Designing and Building Projects With Social Impact in Rwanda


I’d been in Rwanda for only forty-eight hours on Team4Tech’s latest project and already I’d heard something completely unexpected. I was talking with a local man who said – with complete and total sincerity – “I see new roads, new schools. I feel my government is working for me every day. I pay taxes, but each day I know what I am getting in return.” To me, used to the gripes and frustrations most people have with their governments, this is truly a stunning statement. But after my three week stay in Rwanda, I have a better understanding of what he was getting at and why others I met shared similar opinions.

Urban growth is palpable in Rwanda. Cranes adding mid-rise office buildings seem to be around every corner in of capital. New roads are put in place overnight and get robust use the very next day. During my stint in Kigali a 500 meter stretch of road I drove by every morning acquired entirely new landscaping. According to my Rwandan colleagues, the traffic circle in front of the office was built so quickly that the fire department didn’t know it was there. They just raced right over the new curbs on the way to a recent emergency call.
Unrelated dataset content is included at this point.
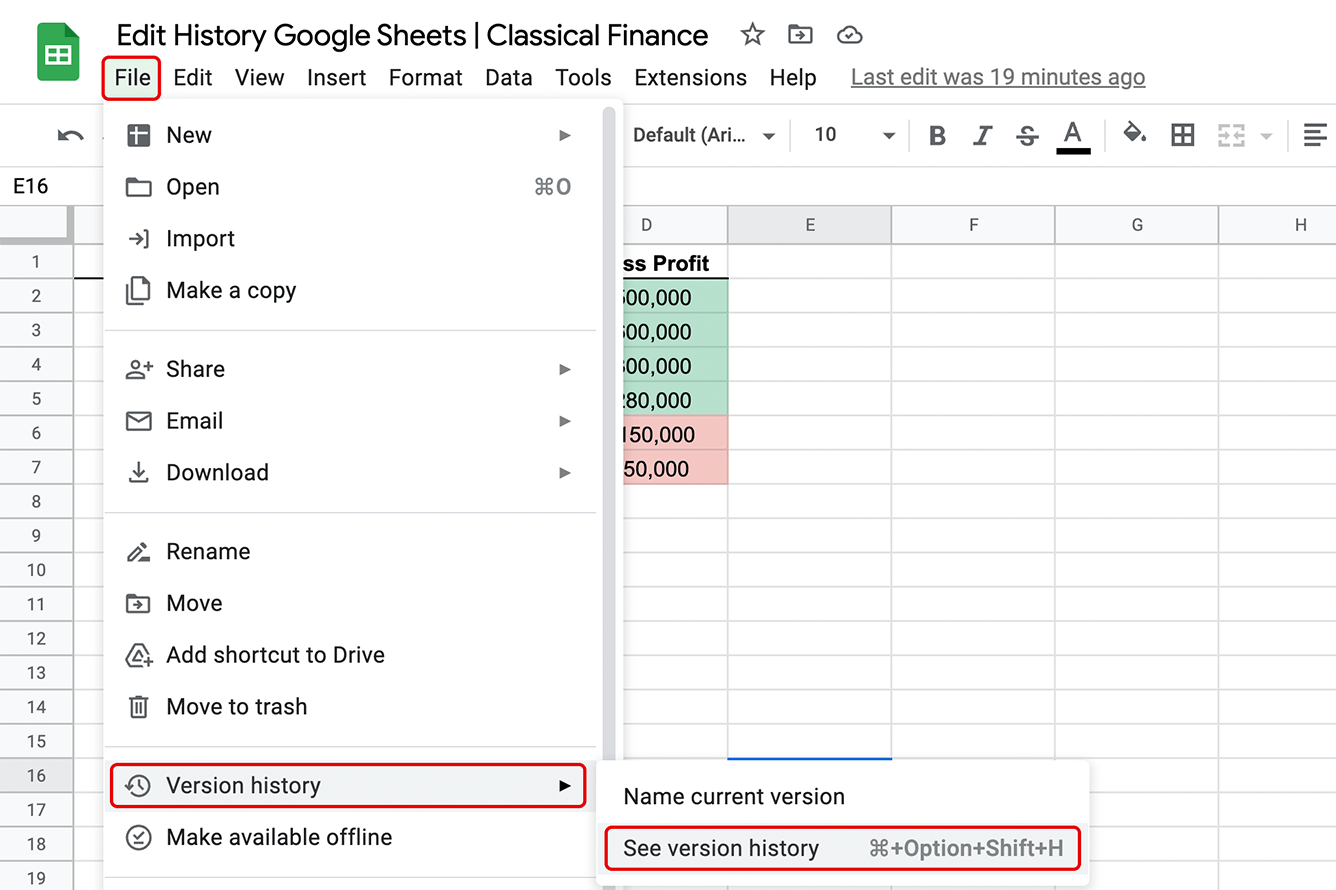 Histórico de versões: Planilha Google vs Excel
MASS Design and the African Design Center: Designing for social impact

MASS Design Group (MASS) is also part of this growth renaissance. The ten Autodesk volunteers I traveled with on this project worked with 11 architecture and design follows sponsored by MASS’s African Design Center (ADC) along with MASS’s professional staff. The project’s goal was twofold: first, to increase the capacity of MASS to design and build projects with social impact, and second, to use local African skills, expertise, and resources while doing so.

 

 

 

 

The ADC fellows are driven, creative, and problem solvers. Where we might see limitations and barriers ADC fellows see opportunities and future impact. These fellows have come from all across the African continent to learn about sustainable, community driven design. Their desire to solve everyday problems for the people who will live and work in the structures they design and build comes from lived experience and a sense of responsibility to their communities. Their drive is relentless and their vision concrete.

This sense of responsibility was most palpable during the day long Innovation Lab workshop, which engaged ADC fellows, MASS staff, and representatives from half a dozen community organizations. Forty-five people jammed into one room, split into teams, and dove into the task of solving community problems related to health, education, and sanitation. Five hours later the teams had viable solutions that were ready to be tested in the real world.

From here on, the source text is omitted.